#### [GIVEN RECORDS]
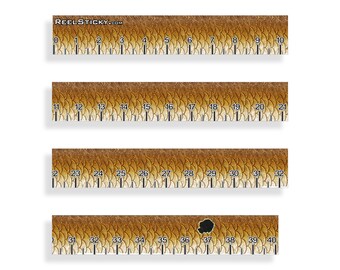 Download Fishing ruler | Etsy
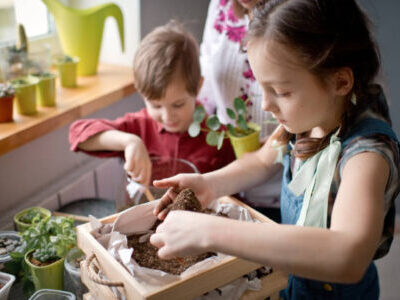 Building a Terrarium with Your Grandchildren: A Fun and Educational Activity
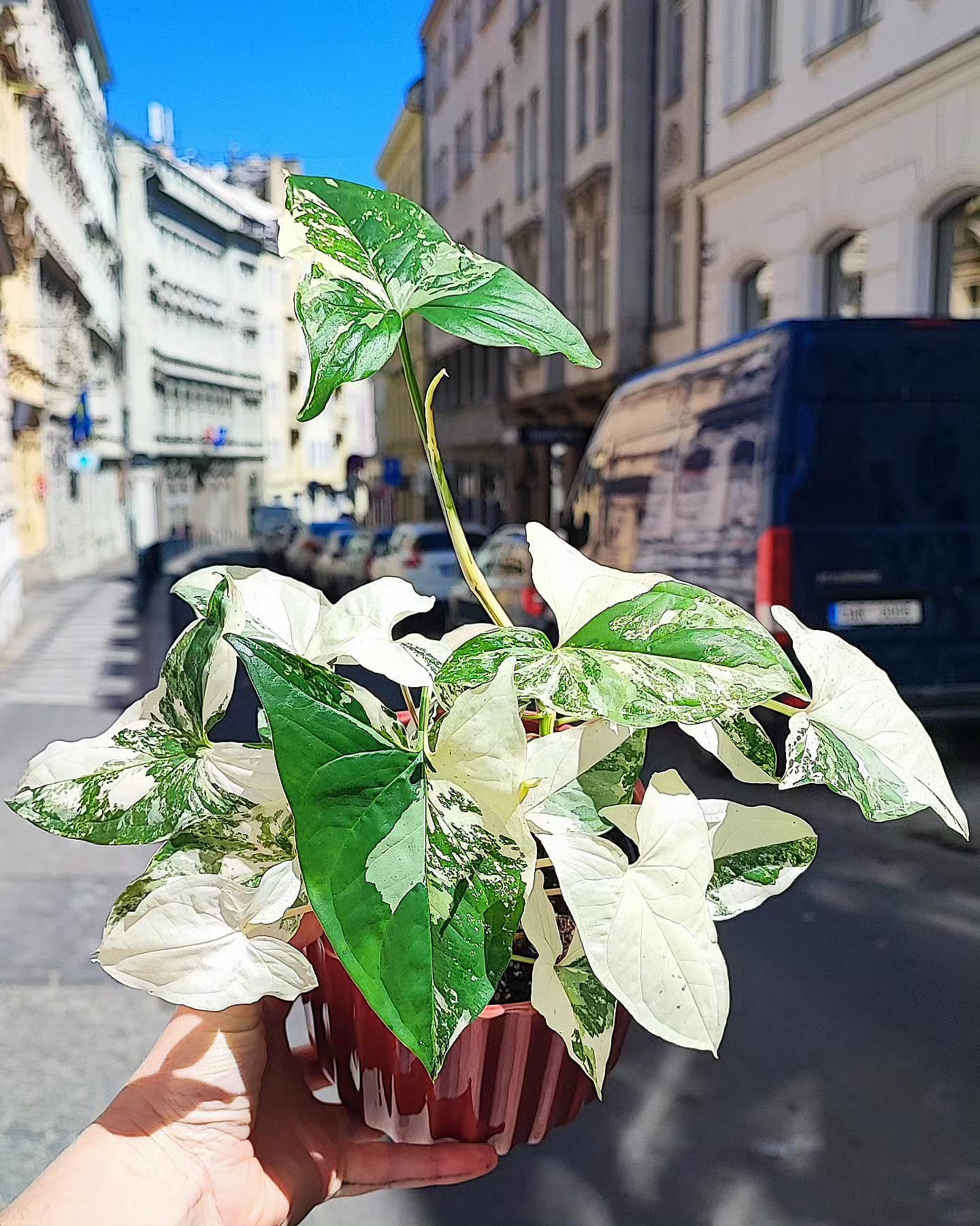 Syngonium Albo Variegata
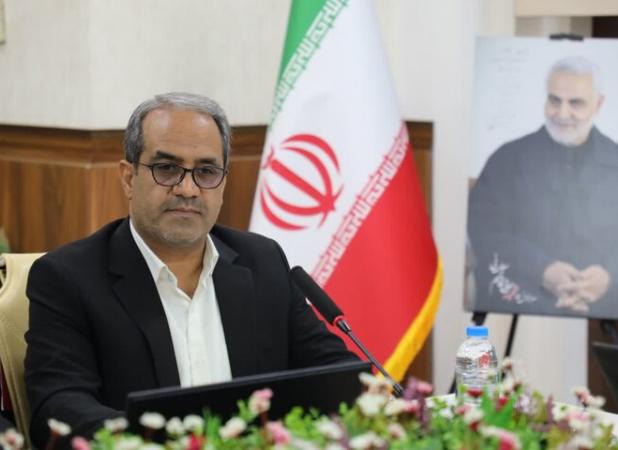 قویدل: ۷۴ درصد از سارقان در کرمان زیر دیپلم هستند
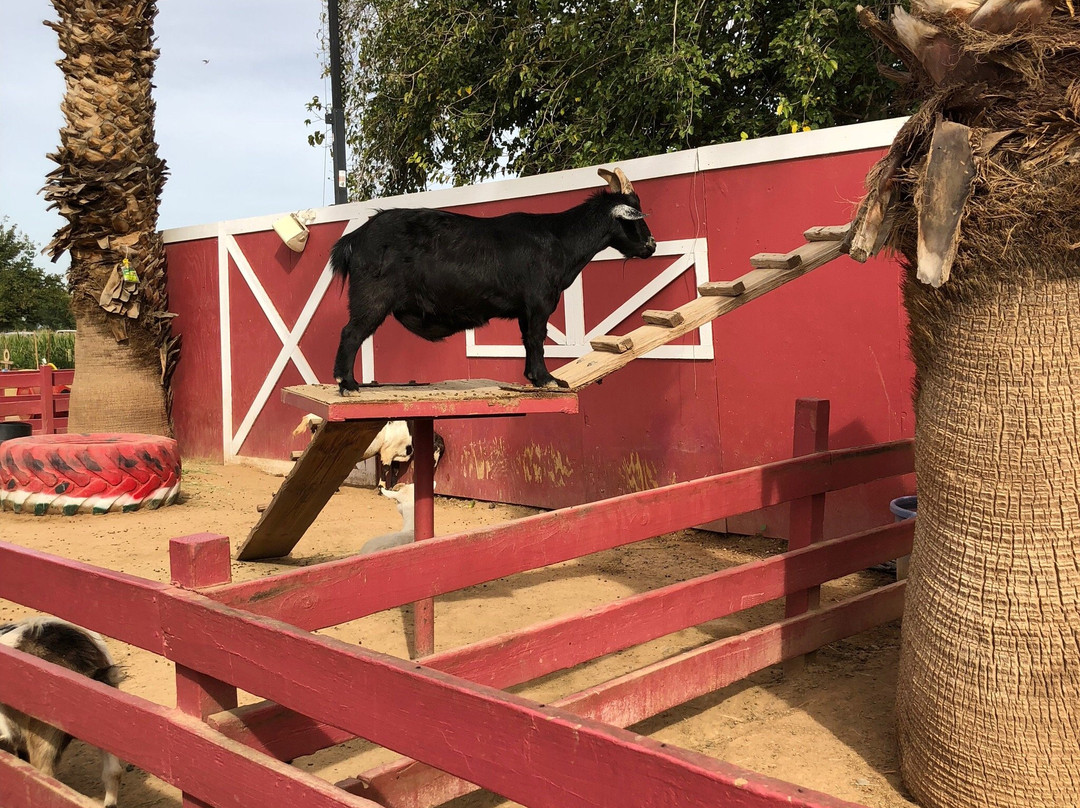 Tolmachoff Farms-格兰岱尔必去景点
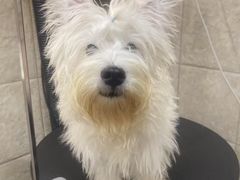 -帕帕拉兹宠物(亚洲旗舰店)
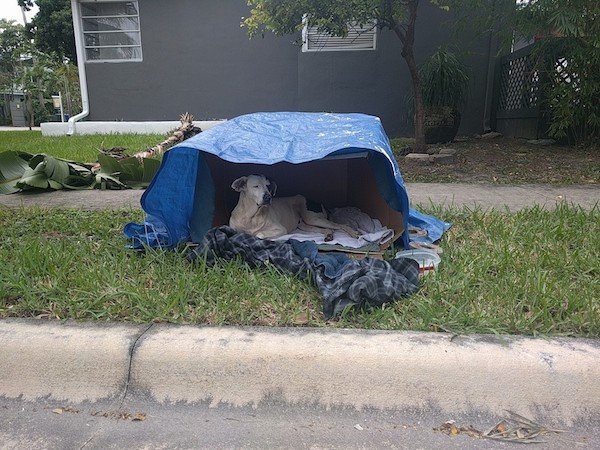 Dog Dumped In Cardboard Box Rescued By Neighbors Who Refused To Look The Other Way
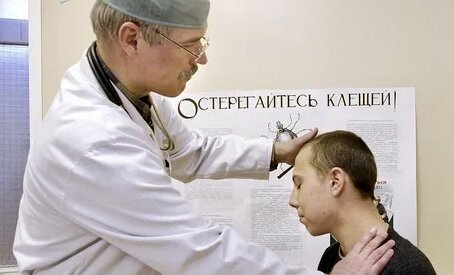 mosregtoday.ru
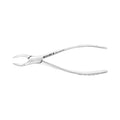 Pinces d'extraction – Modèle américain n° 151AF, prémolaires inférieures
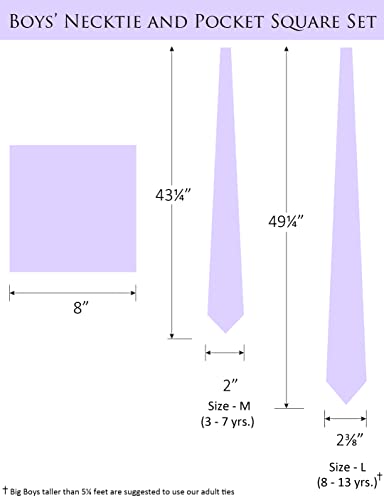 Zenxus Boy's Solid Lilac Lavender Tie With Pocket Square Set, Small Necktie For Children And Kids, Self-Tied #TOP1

#### [WHAT IS REQUIRED]
Copy, exactly and exclusively, the lines beginning with the one that contains "Pinces d'extraction –" and ending with the last line of the listing; pictures are to be omitted.

#### [OUTPUT FOR THIS TASK]
 Pinces d'extraction – Modèle américain n° 151AF, prémolaires inférieures
 Zenxus Boy's Solid Lilac Lavender Tie With Pocket Square Set, Small Necktie For Children And Kids, Self-Tied #TOP1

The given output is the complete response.